**Task to carry out**
With the pictures set aside, write out all of the data exactly as it stands.
-- Entries shown follows --
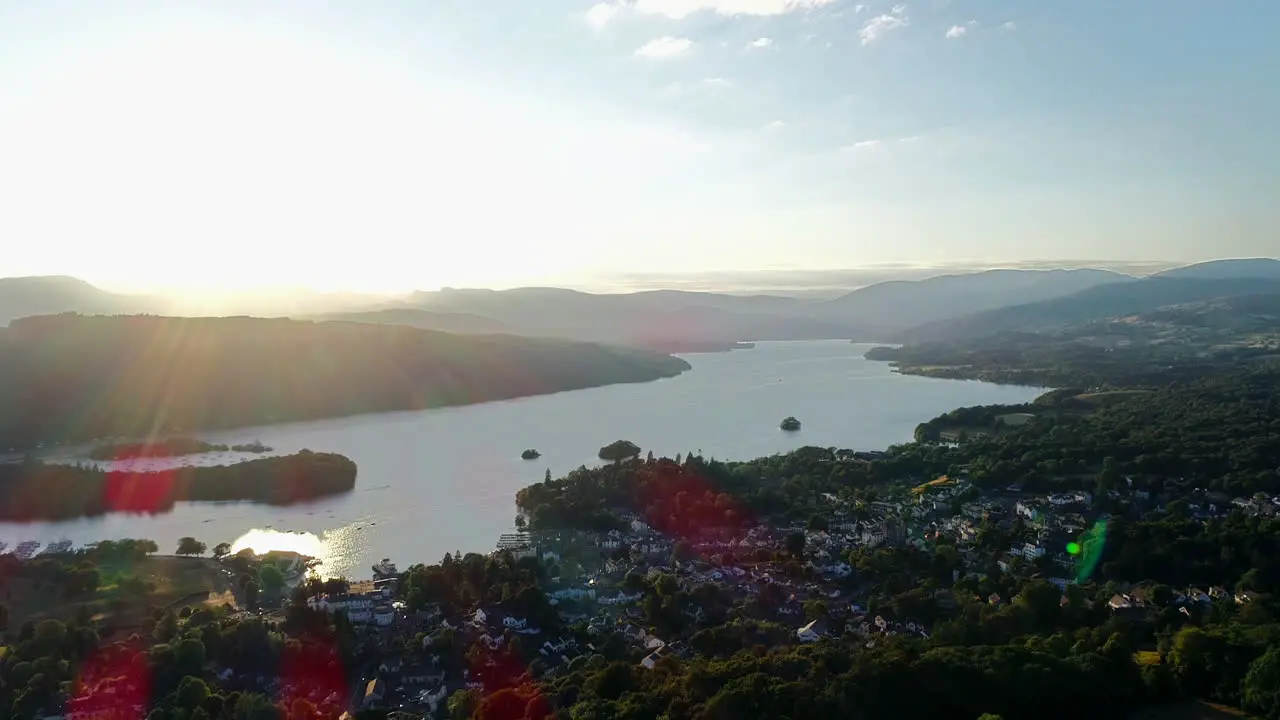 Aerial view of the village on the lakeshore and surrounding countryside at Lake Windermere Lake District UK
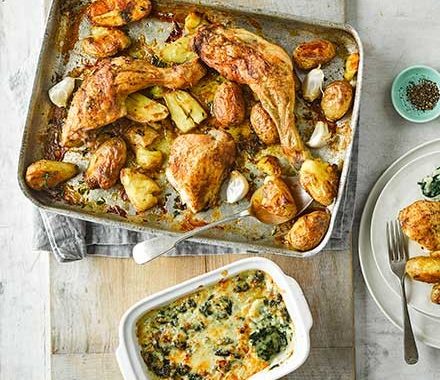 Roast chicken with squashed new potatoes & cheesy creamed spinach recipe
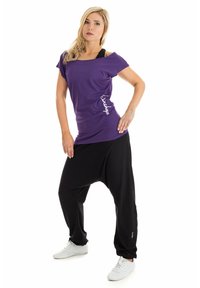Paarse t-shirt met korte mouwen en een ontspannen pasvorm, gecombineerd met losse zwarte harembroek. Het materiaal lijkt zacht. Wit logo detail op het shirt.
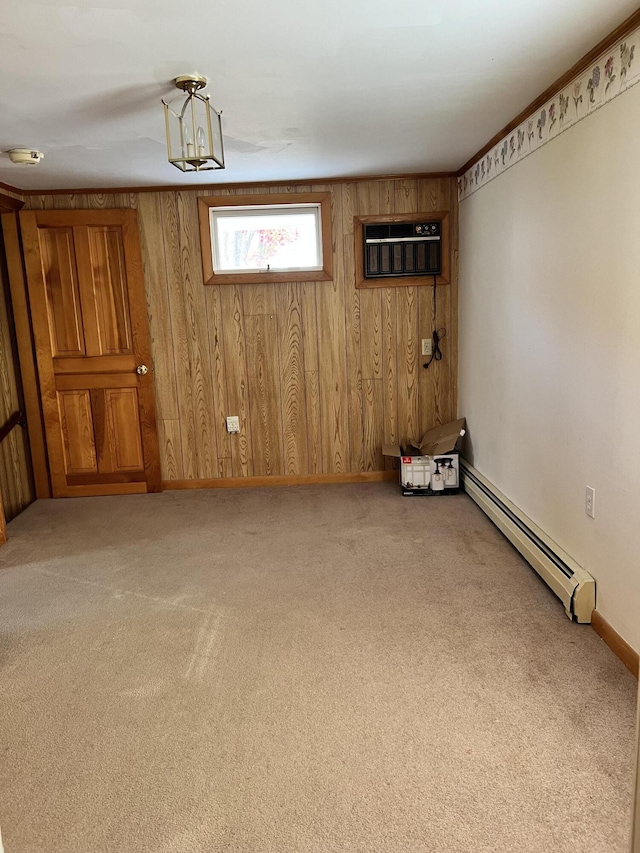 37 Spruce St, East Millinocket, ME 04430 - unfurnished room featuring a baseboard heating unit, light carpet, wood walls, a wall unit AC, and a smoke detector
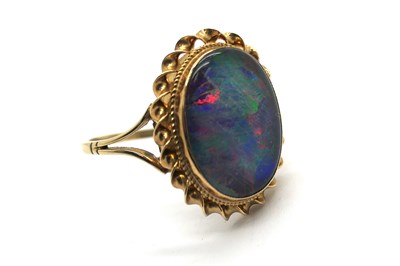 Lot 289 - A 9ct Gold Oval Black Opal Dress Ring,...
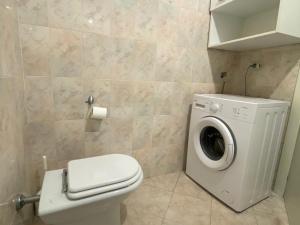 a bathroom with a toilet and a washing machine at The Sunny Lake - Apartment with Pool in Desenzano del Garda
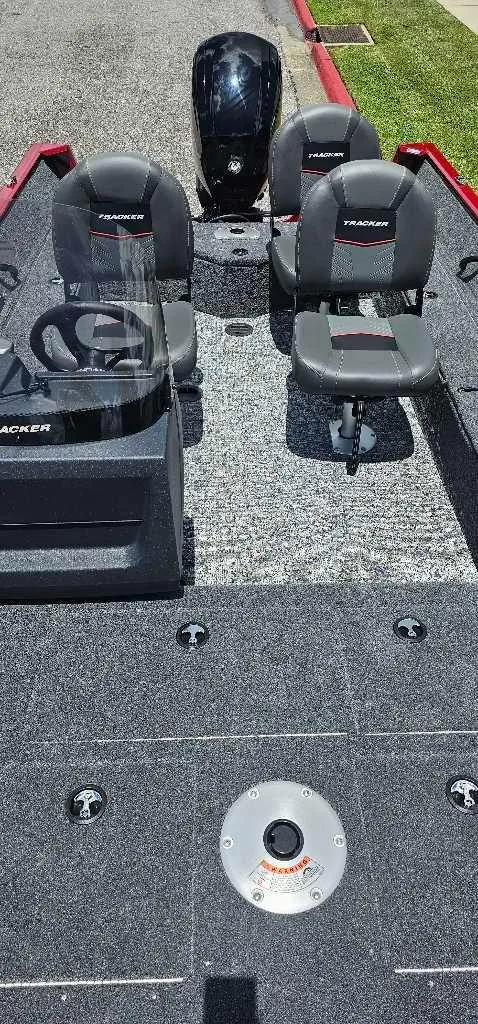 Slide: The Image of 2025 Tracker Pro Guide V-16 SC boat interior with seating and motor. - 4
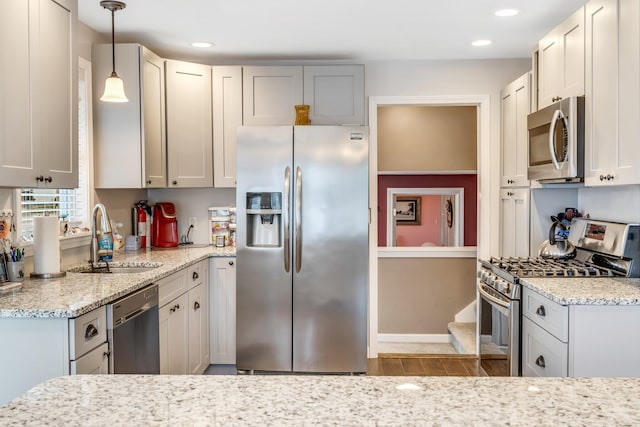 kitchen with wood-type flooring, light stone counters, appliances with stainless steel finishes, decorative light fixtures, and sink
-- Entries shown concluded --
**Exercise response**
 Aerial view of the village on the lakeshore and surrounding countryside at Lake Windermere Lake District UK
 Roast chicken with squashed new potatoes & cheesy creamed spinach recipe
Paarse t-shirt met korte mouwen en een ontspannen pasvorm, gecombineerd met losse zwarte harembroek. Het materiaal lijkt zacht. Wit logo detail op het shirt.
 37 Spruce St, East Millinocket, ME 04430 - unfurnished room featuring a baseboard heating unit, light carpet, wood walls, a wall unit AC, and a smoke detector
 Lot 289 - A 9ct Gold Oval Black Opal Dress Ring,...
 a bathroom with a toilet and a washing machine at The Sunny Lake - Apartment with Pool in Desenzano del Garda
 Slide: The Image of 2025 Tracker Pro Guide V-16 SC boat interior with seating and motor. - 4
 kitchen with wood-type flooring, light stone counters, appliances with stainless steel finishes, decorative light fixtures, and sink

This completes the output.